Thu, 04/26/2012 - 5:49pm
BARBARA ORTUTAY - AP Technology Writer - Associated Press

Online games company Zynga reported a net loss in the first quarter because of stock-compensation expenses, but adjusted earnings were better than what Wall Street expected.

Zynga Inc. said Thursday that net loss was $85.4 million, or 12 cents per share, in the January-March period. It had earnings of $16.8 million a year earlier when it was still a private company. Zynga went public in December.

The company's adjusted earnings of 6 cents per share beat Wall Street's expectations by a penny. This figure excludes one-time items such as nearly $134 million in stock-compensation expenses.

Revenue grew 32 percent to $321 million from $243 million. Analysts, on average, were expecting revenue of $318 million, according to a survey by FactSet.

Zynga's games include "CityVille" and "Words With Friends." It recently bought OMGPop, the maker of the mobile game "Draw Something." This helped boost the number of monthly active users to 292 million, from 236 million a year earlier.

Though its mobile games are popular, Zynga relies on Facebook for the bulk of its revenue. This isn't necessarily a bad thing, as it's how Zynga got big in the first place. As it grows, though, the company may need to diversify its revenue sources so it's not overly dependent on the world's largest online social network, which takes a 30-cent cut out of every dollar that people spend on Zynga's games.

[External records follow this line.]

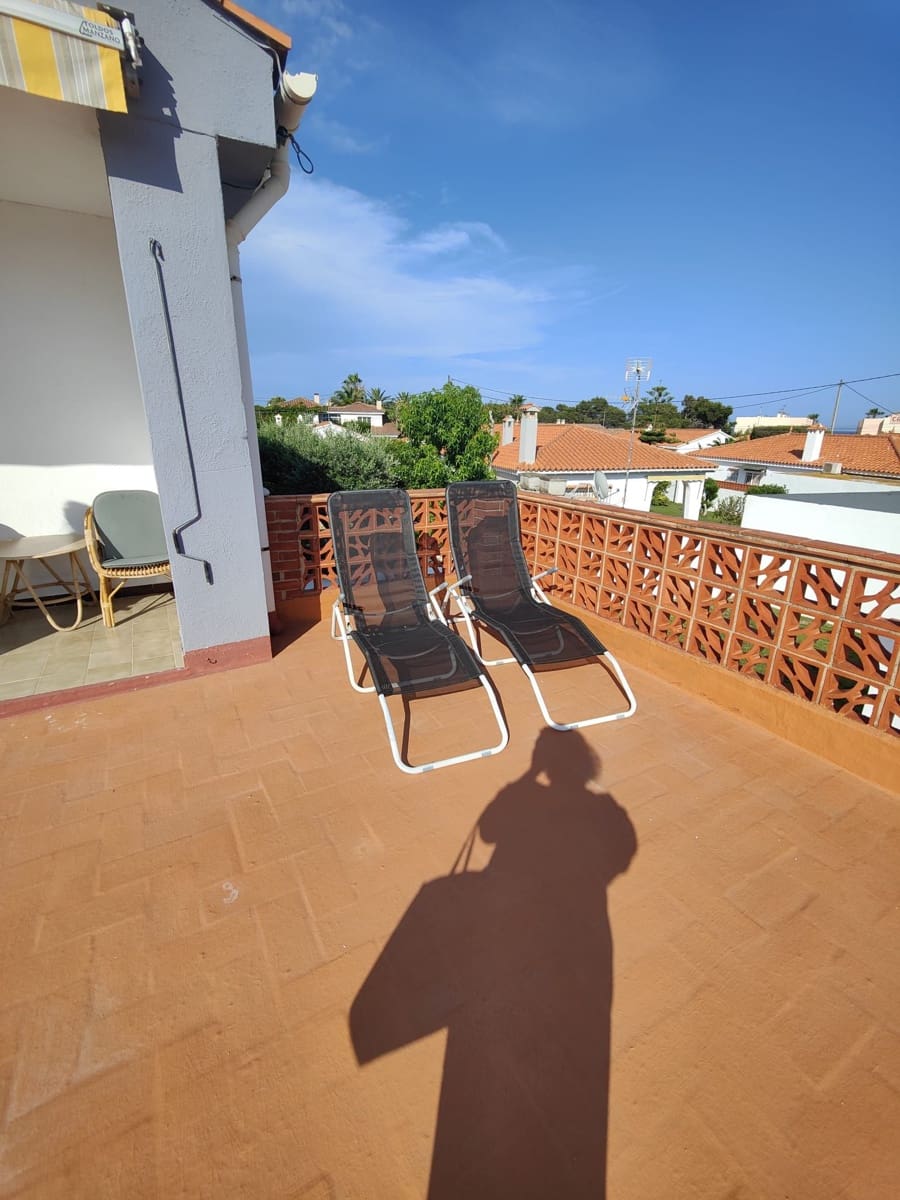 Chalet de 4 habitaciones en Vinaròs en venta con garaje - 345.400 € (Ref: 9414464)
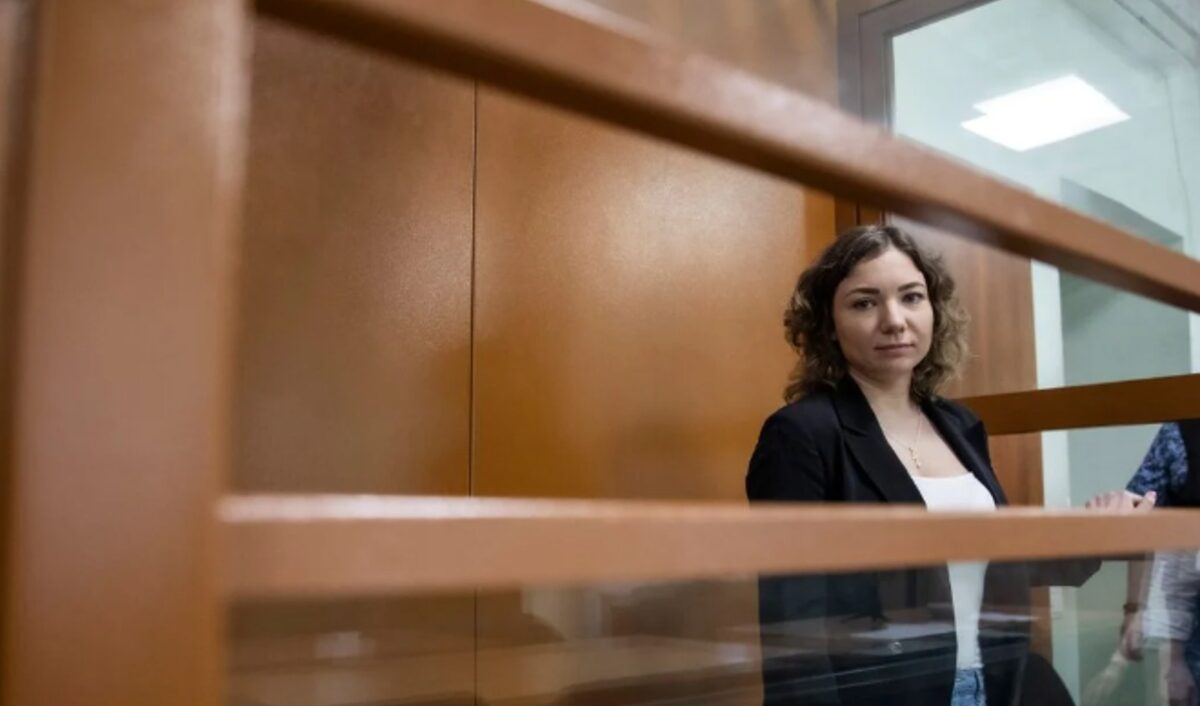 Russia, condannata a 12 anni per 'terrorismo': aveva lanciato palloncini contro la guerra in Ucraina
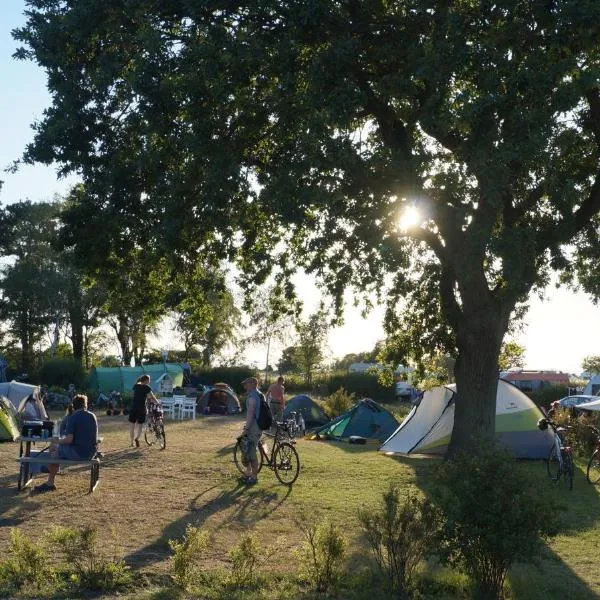 Hasle Camping (Empty Lots), hotel en Gudhjem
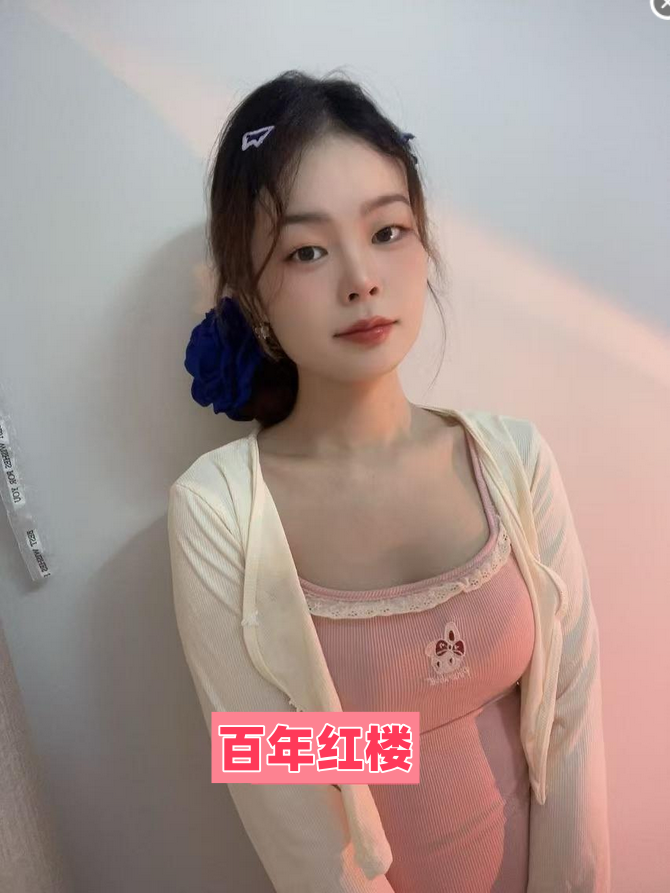妩媚女人媚儿-百年红楼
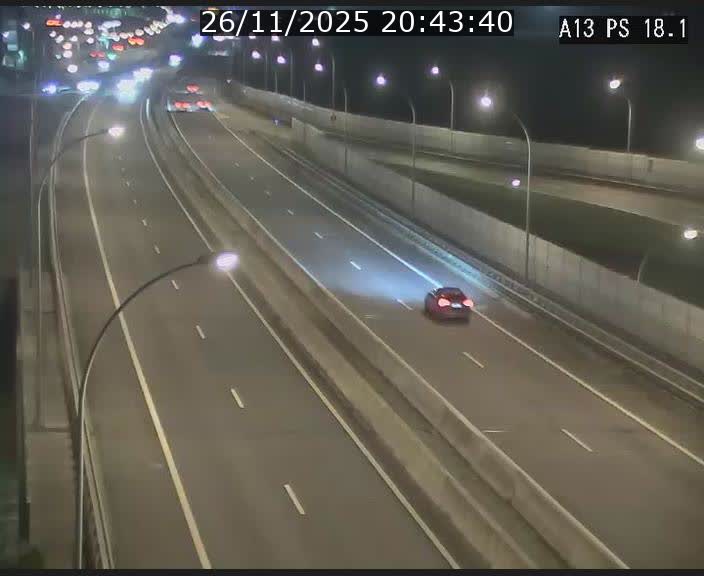 Traffic live webcam Luxembourg Dudelange - A13 direction Croix de Bettembourg - BK 18.1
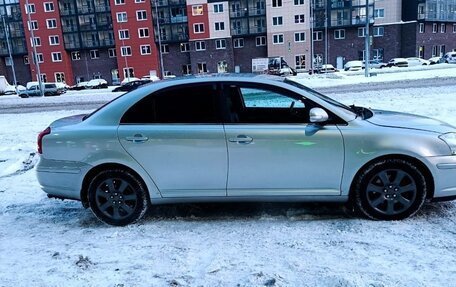 Toyota Avensis III рестайлинг, 2006 год, 780 000 рублей, 4 фотография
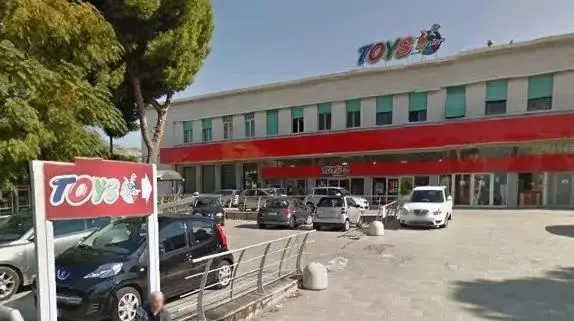 Paura a Reggio, rapina a mano armata al Toys Center: rubati circa 40 mila euro\n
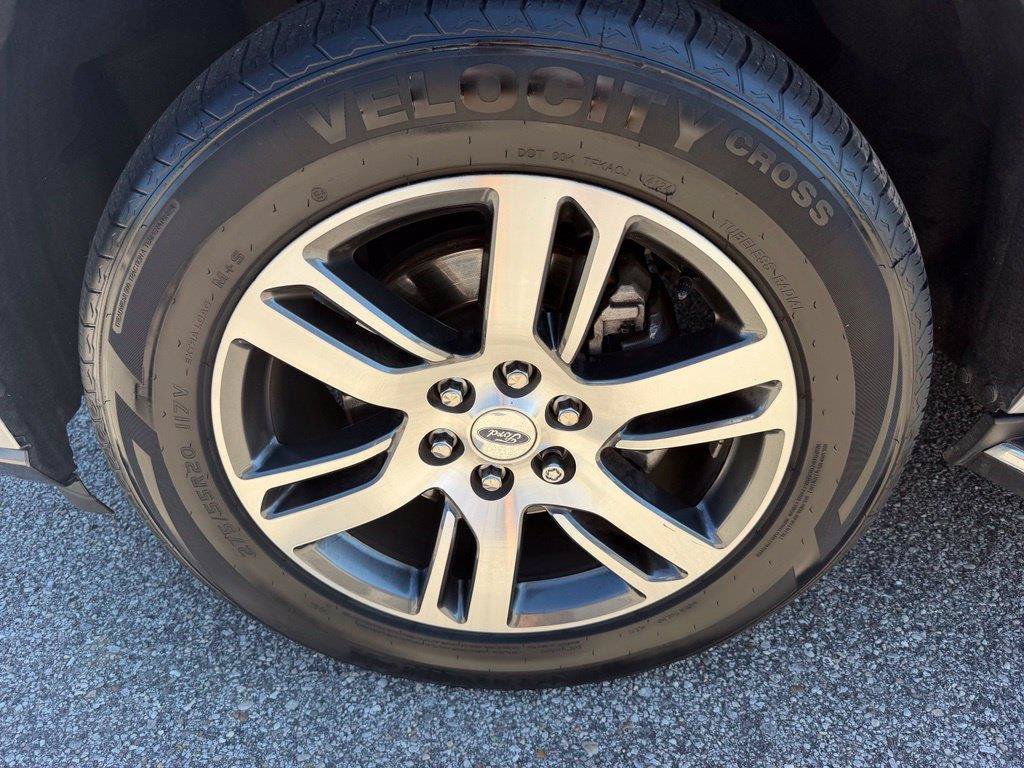 Used 2022 Ford Expedition Limited RWD image 24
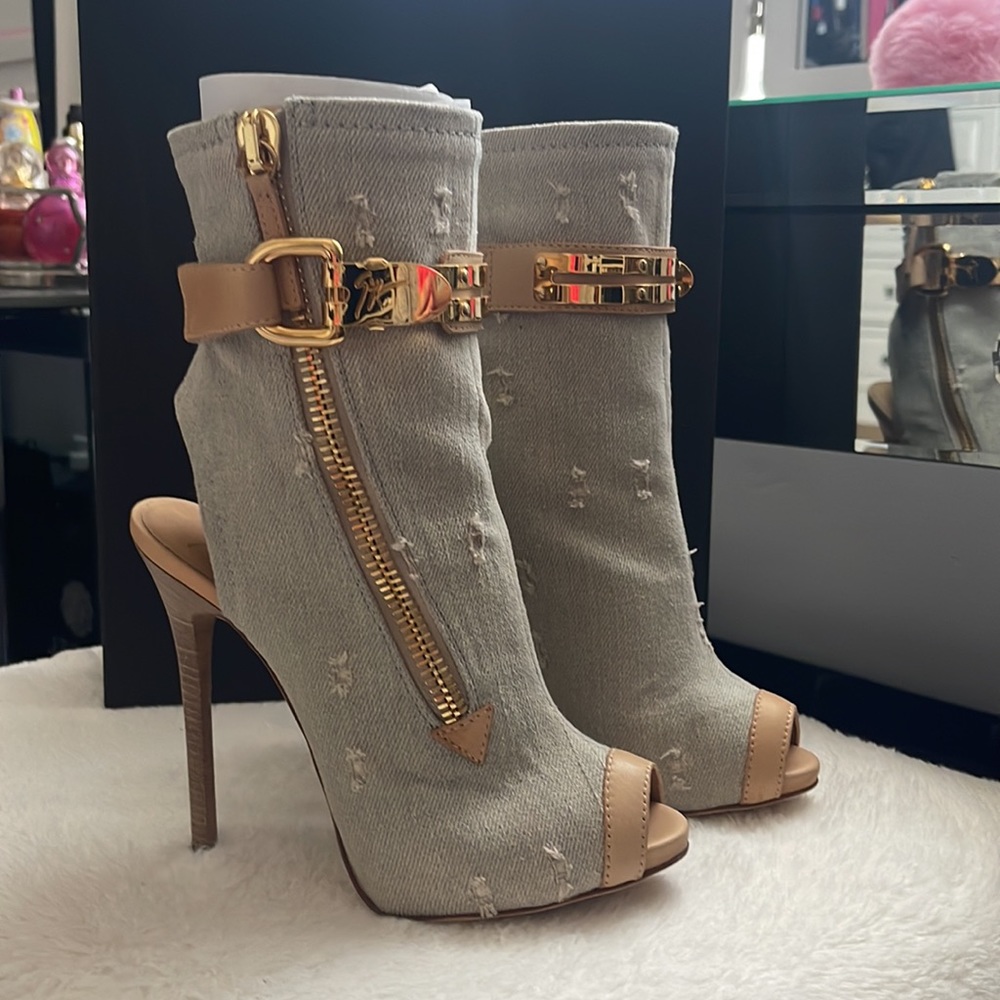 Giuseppe Zanotti acid wash denim peep toe bootie - Picture 3 of 9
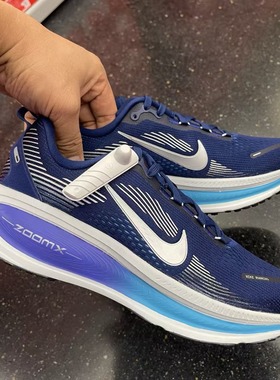 耐克 Nike Vomero18 男子减震气垫运动训练公路跑步鞋 HM6803-401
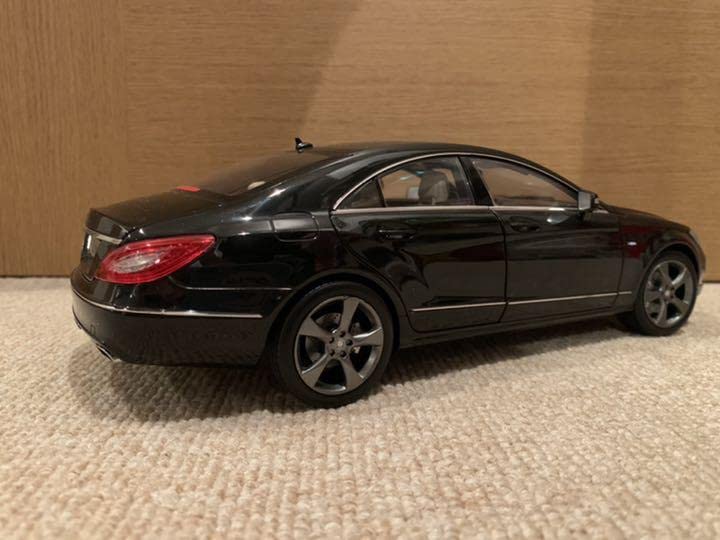 1/18 メルセデス・ベンツ CLSクラス ミニカー Amazon | 【Mercedes-Benz Collection】 CLS シューティング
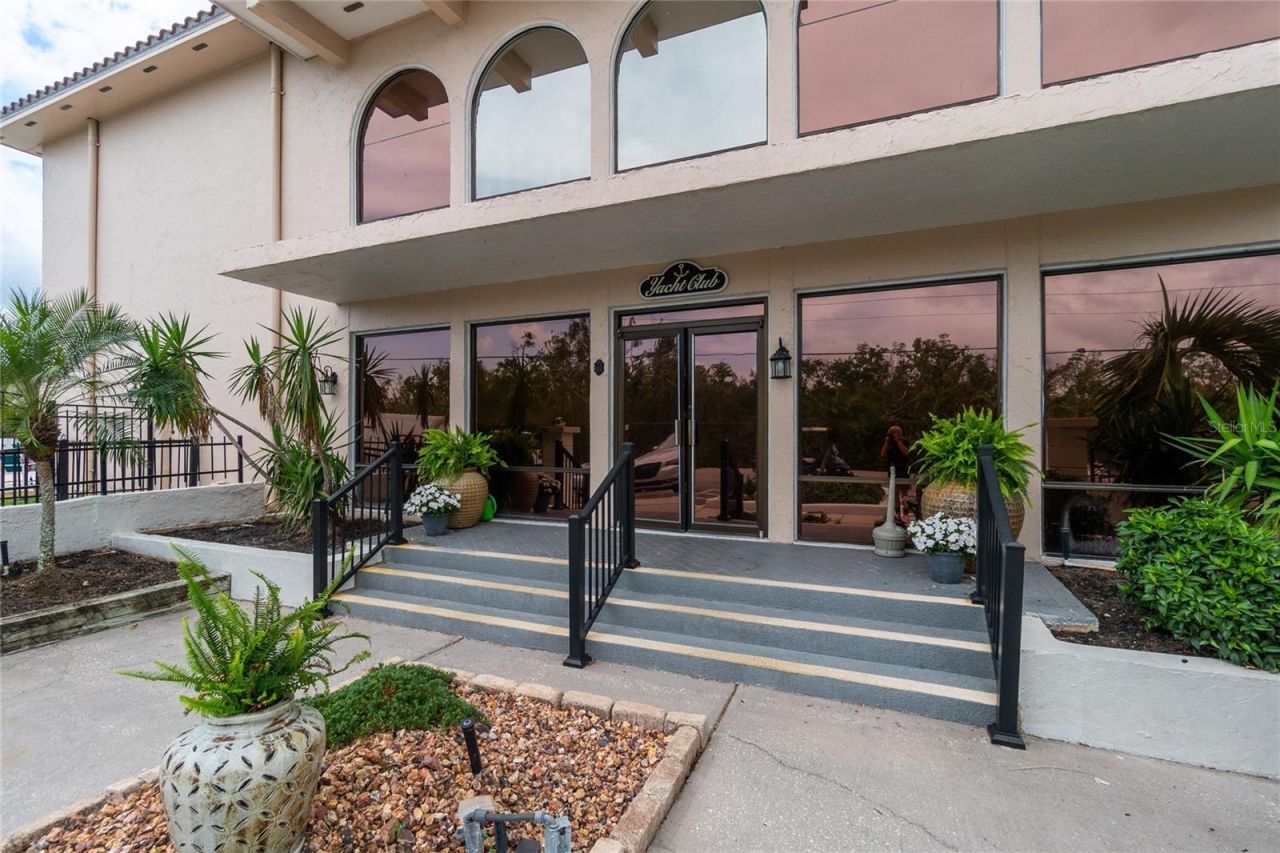 25188 Marion Avenue, Unit D101, Punta Gorda, FL 33950 Photo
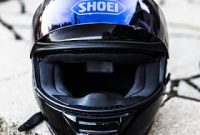 cara mencuci helm motor sendiri cara mencuci helm motor agar tidak bau apek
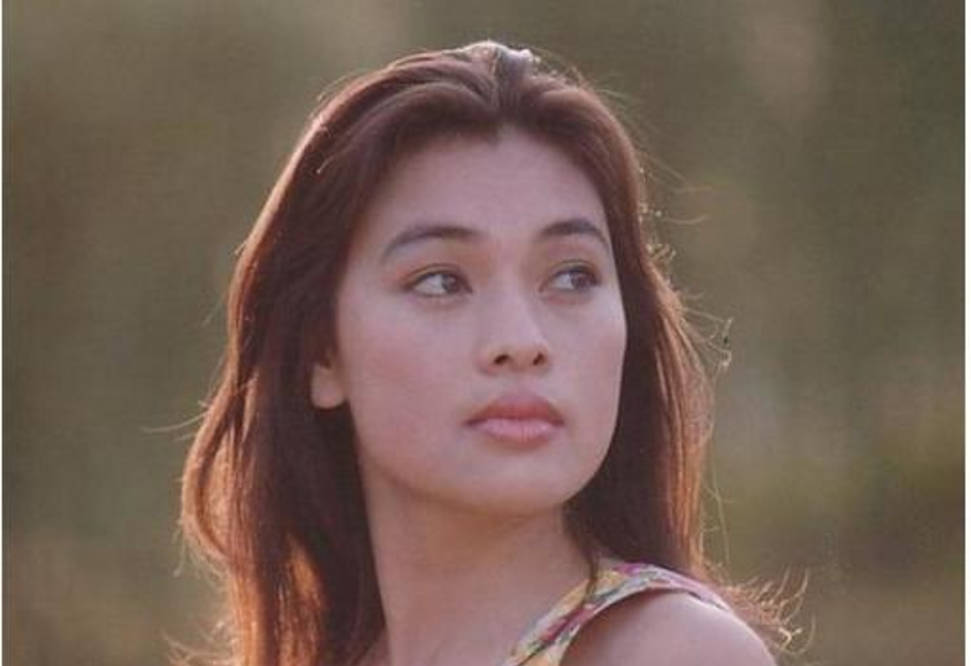 老张|看过周迅版的《红高粱》,再和巩俐版一比,差距就出来了!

For all of 2012, Zynga expects adjusted earnings of 23 cents to 29 cents per share. Analysts were forecasting 27 cents.

The San Francisco-based company's stock fell 32 cents, or 3.4 percent, to $9.10 in after-hours trading after initially trading higher. The stock had closed up 31 cents, also 3.4 percent, at $9.42.

Zynga's stock priced at $10 when the company went public and has traded from $7.97 to $15.91 since. Recently, though, investors have been punishing the stock because they are worried about the company's ability to keep growing quickly.